- [Activity] Exclude the pictures. Transcribe exactly, and only, the lines from the one holding "MI license plate DGM8063" to the end of the material below.

Provided data below:

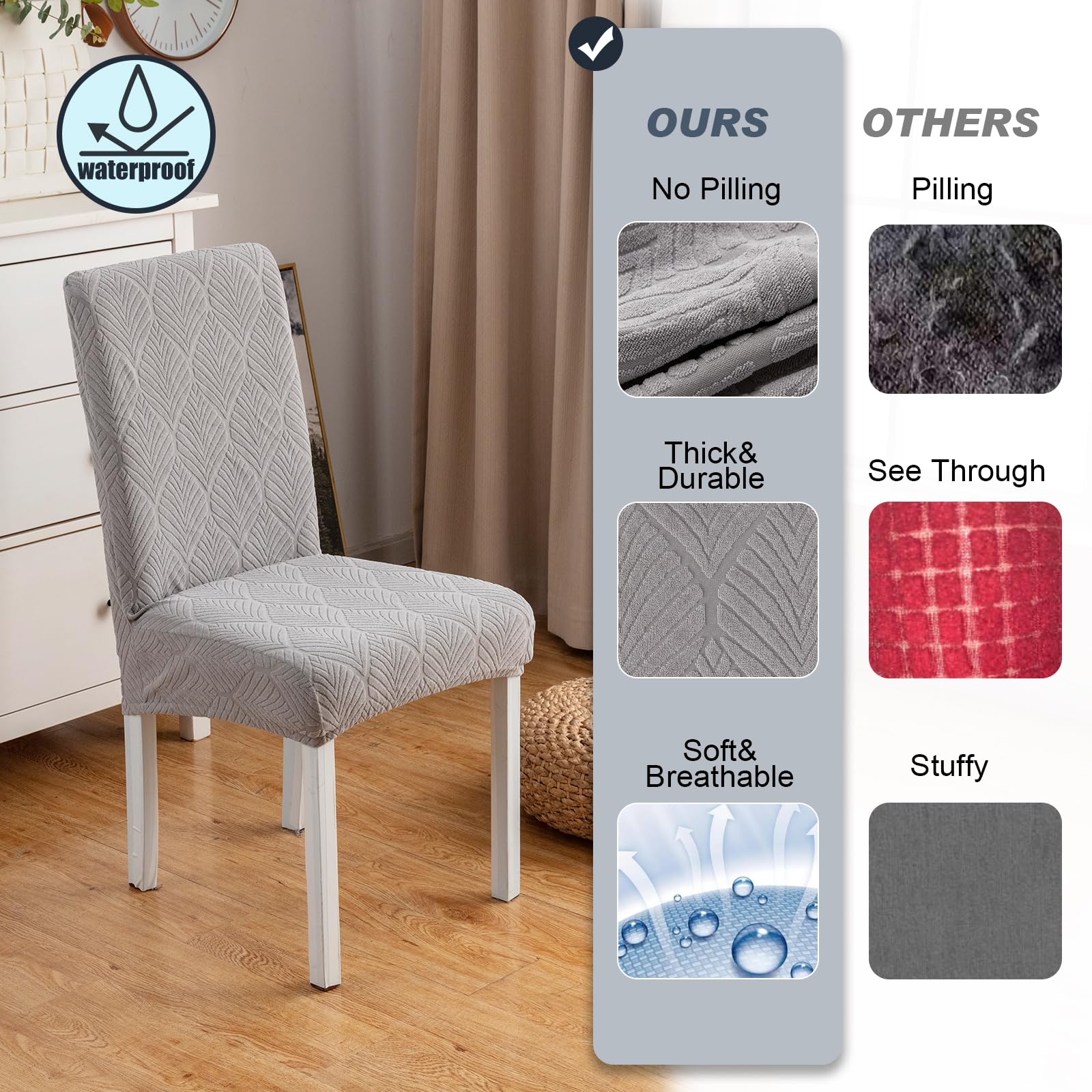 Waterproof Stretch Dining Chair Covers - Washable & Removable Parsons Chair Slipcovers for Kitchen & Dining Room - Perfect for Everyday Use, Parties & Home Decor Protection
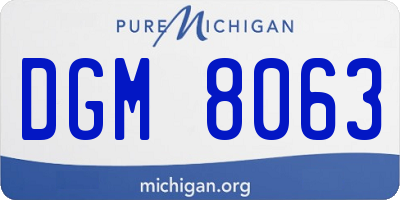 MI license plate DGM8063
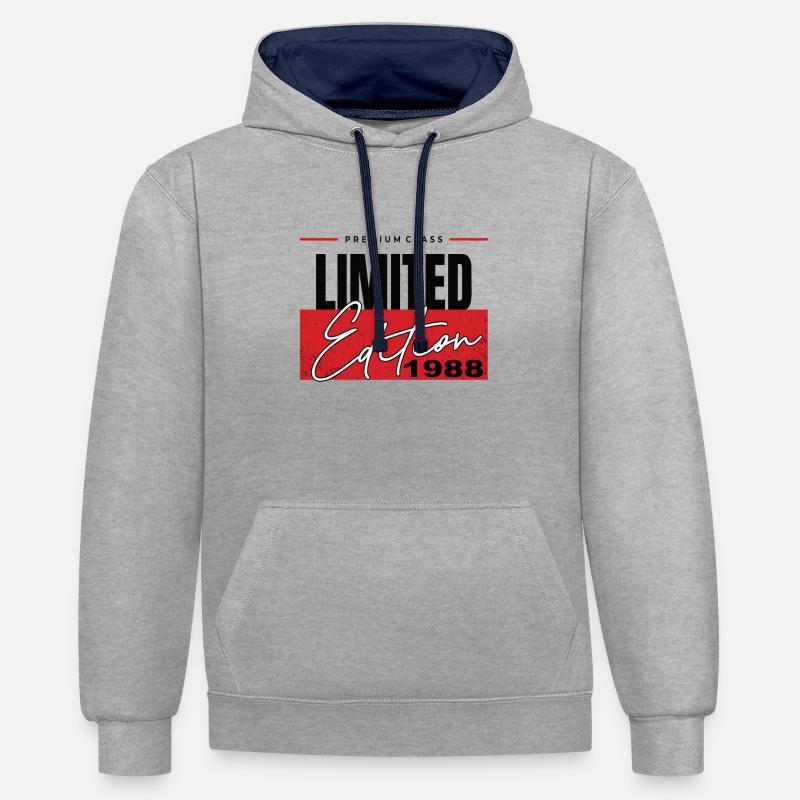Édition limitée 1988 - Sweat à capuche contrasté - gris chiné/bleu marine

End of Provided data.

- [Exercise solution]
 MI license plate DGM8063
Édition limitée 1988 - Sweat à capuche contrasté - gris chiné/bleu marine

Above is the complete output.